Cameron Bure: I think one of the standout things for me is that modesty, when talked about in the Bible, is not just about hemlines and necklines. And I think so many of us only choose to focus on that. That becomes the focus, yet modesty is so much more about character and it's about the way we handle things. It's about the way we speak to one another, the way we carry ourselves, the way we treat one another. And so it encompasses so much more. And the other part, which wasn't really new to me, is that it becomes difficult when Christians talk about modesty amongst one another, because everyone really has a different standard of what that is for them. Some people are more liberal about things and some people are more conservative. You can't please everyone, because nobody's standard is going to be the same, because it's not totally black and white written in the Word. So then it comes down to conviction and what you're comfortable with. Or if you're married, what your husband is comfortable with -- there are other factors that fit into it. I just have to realize I need to stay true to me and realize that I'm going to stand before God one day. Nobody is going to stand there for me, so I have to do what I believe is right and I'll be held accountable to that. Women need to give each other a break. We call out each other so much, when there are different standards because of different cultures and upbringings and backgrounds. I wish we could all be more supportive of one another instead of calling each other out or shaming one another.

Candace with her husband of 19 years, Val Bure, a Russian former professional ice hockey player. | Candace Cameron Bure/Facebook

CE: There will be some women and girls who read what you said, and they'll interpret that you just said "anything goes." How do you balance what you said with the attitude our culture has of if you got it, flaunt it?

Cameron Bure: I'm a mom. "You got it flaunt it"? – I say flaunt your brains and flaunt your heart and flaunt the love you have for one another. Our self-esteem and our self-respect should never be based on physicality. I'm always teaching that beauty is truly from the heart. But at the same time, I would never want my daughter or me to be ashamed of our bodies. It doesn't mean we need to show it off. Again, that comes down to what you would be comfortable with before God. It is tricky, because I think a lot of Christians, we end up being ashamed of our bodies, because we're told that if anything shows then we are flaunting it. And that could be disrespectful to ourselves. So there is a fine line.

CE: Do you think it's becoming tougher for girls and teens to dress modest? Because there does seem to be a lot of peer pressure from media and society to be "in."

Cameron Bure: There has always been a struggle, and I think there always will be a struggle. Again, it all comes down to parents and what they're teaching their kids. What I teach my daughter is, "Your beauty is before the Lord, and it doesn't come from people and it doesn't come from the way we look. That beauty is inside." But it's difficult because of peer pressure, and when girls look at what girls are wearing on television or in magazines. The culture changes with kids, and as a mom I win some battles and I lose some battles – not necessarily just with clothes. It comes down to teaching self-respect and where we get that from and not trying to find love from others by the way we look.

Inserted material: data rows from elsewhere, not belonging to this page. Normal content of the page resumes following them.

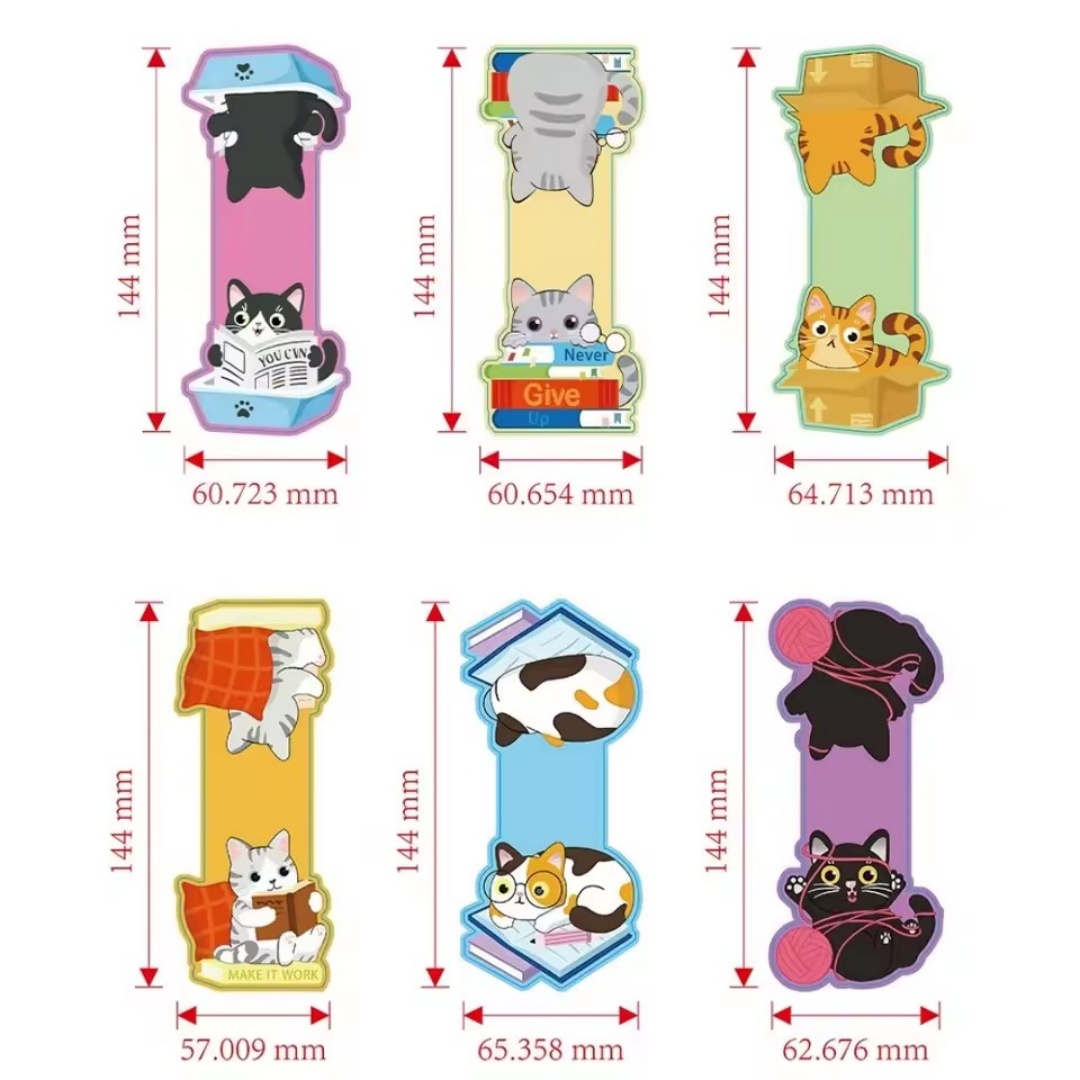 ที่คั่นหนังสือแม่เหล็ก ลายแมวส - Bookmark Magnetic Clip บทวิจารณ์และราคา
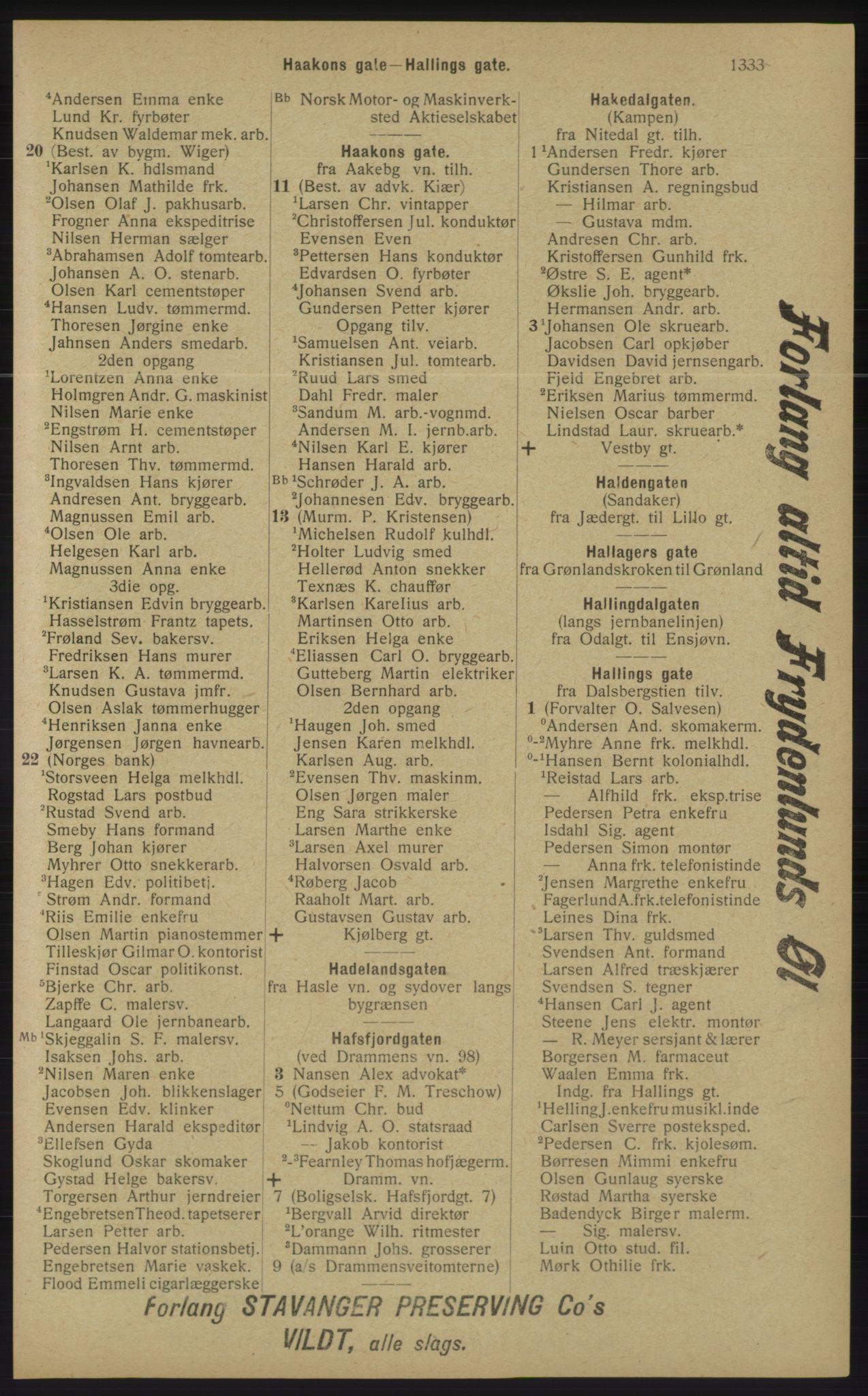 Kristiania/Oslo adressebok, PUBL/-, 1913, s. 1289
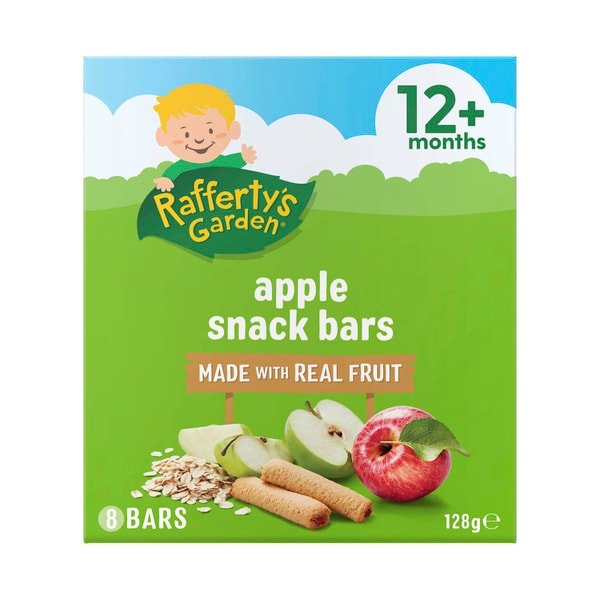 Rafferty's Garden Apple Snack Bars Made with Real Fruit 8 Pack Baby Food 12+ Months | 128g
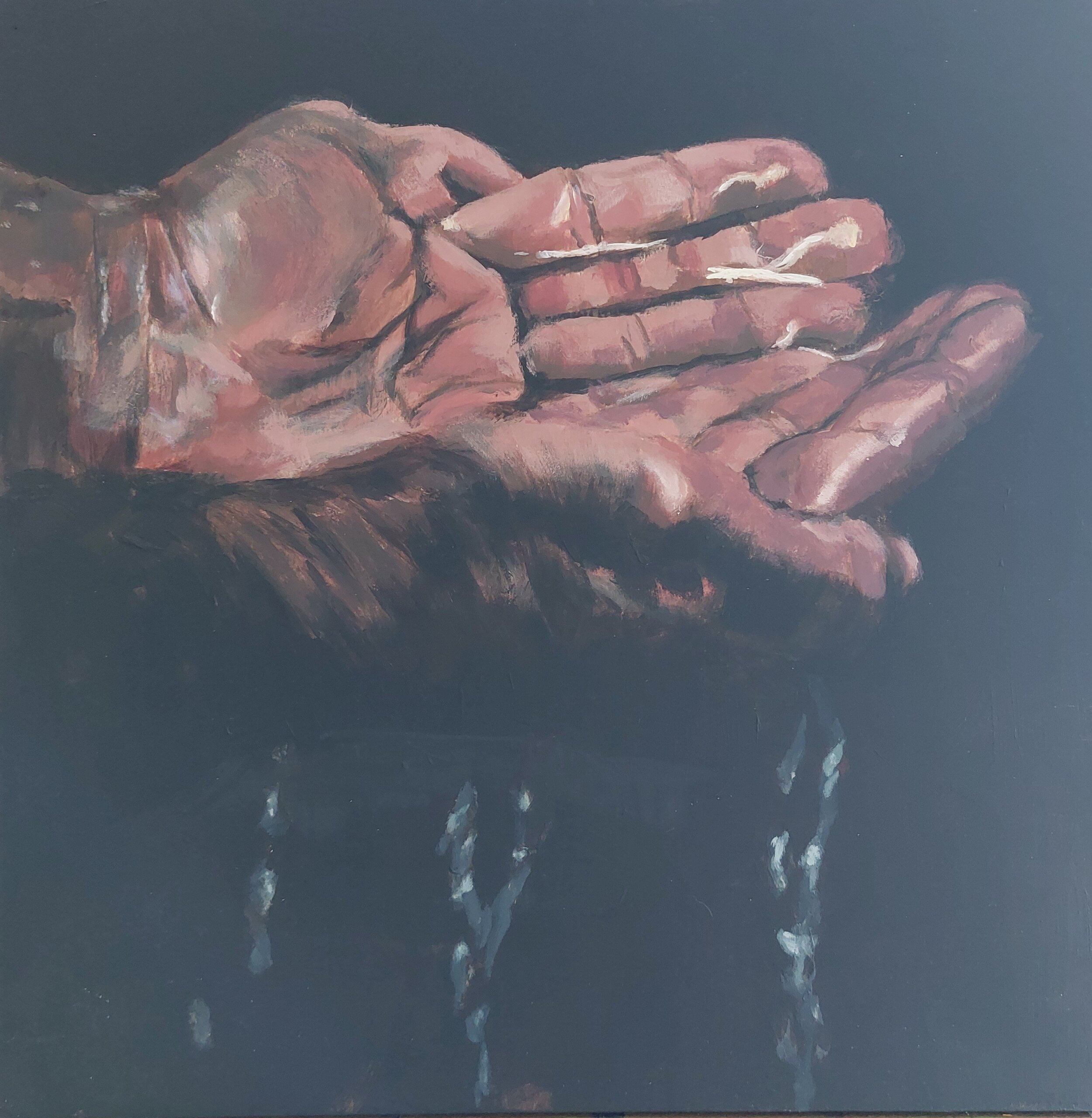 Who I am today (30x30cm)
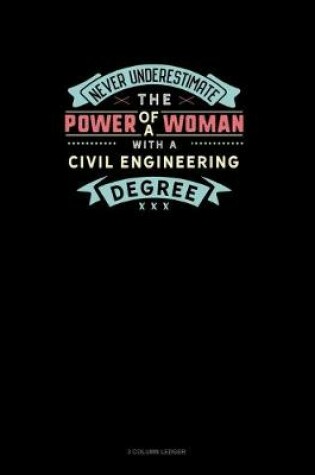 Cover of Never Underestimate The Power Of A Woman With A Civil Engineering Degree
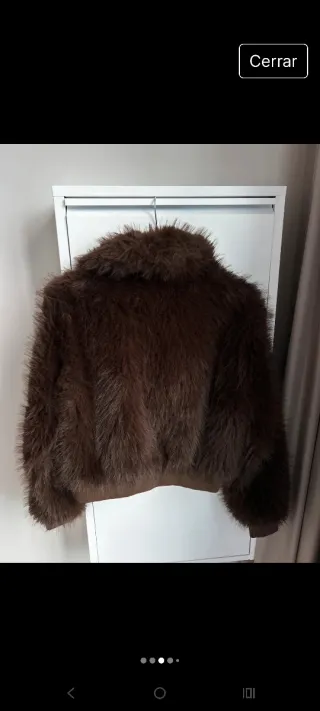 Chaqueta pelo 3 DESY marrón
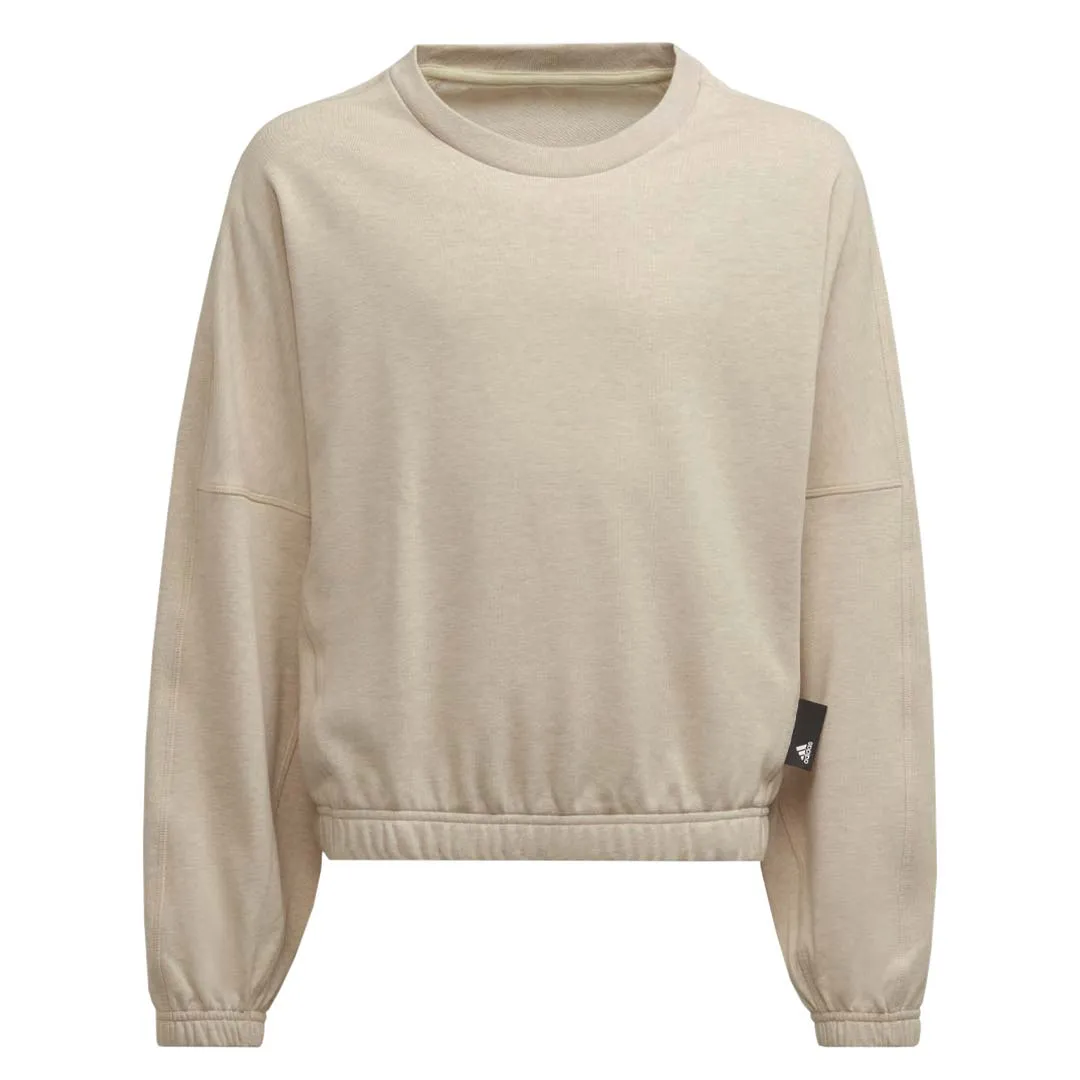 adidas - Girls' (Junior) Studio Lounge Botanical Sport Crew Sweatshirt (HE3133)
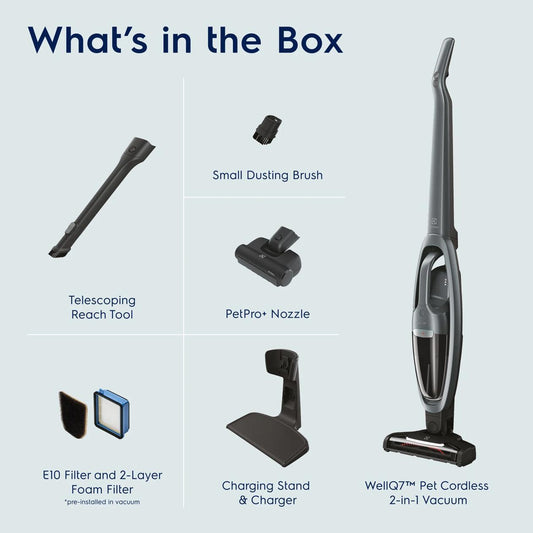 Electrolux EHVS35P2AT WellQ7™ Pet Vacuum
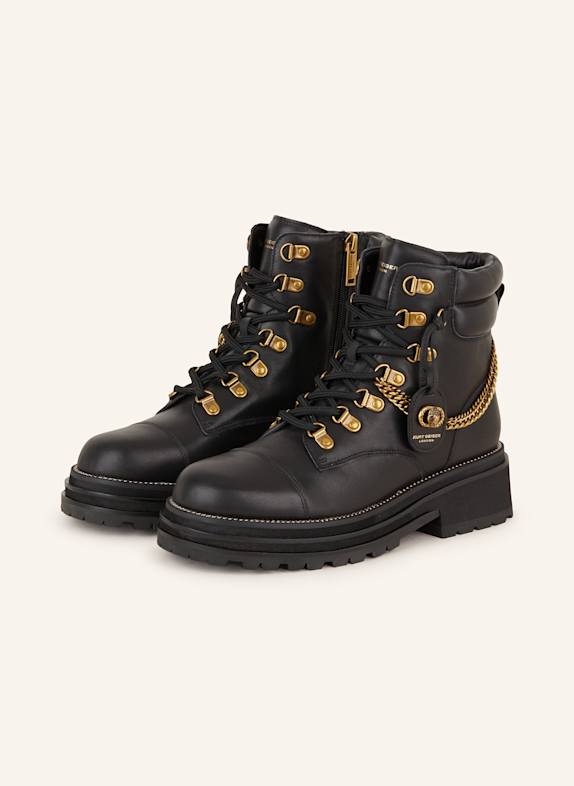 KURT GEIGER Schnürboots SCHWARZ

CE: What do you hope people learn from "Dancing Through Life"?

Cameron Bure: Life is a race, to quote Paul. You're running this race called life. And we can go for the perishable crown – we can go for all the stuff the world has to offer. Or we can run for that imperishable crown of eternal life. It's how well you run the race here on earth, and having the courage to do so -- that's just a huge thing I learned. I found courage and perseverance to do something I never thought I'd do, to step outside my comfort zone and really push through that. It was difficult, and life has difficult circumstances. I want people to be encouraged and inspired, and to really focus on the bigger picture in life's race.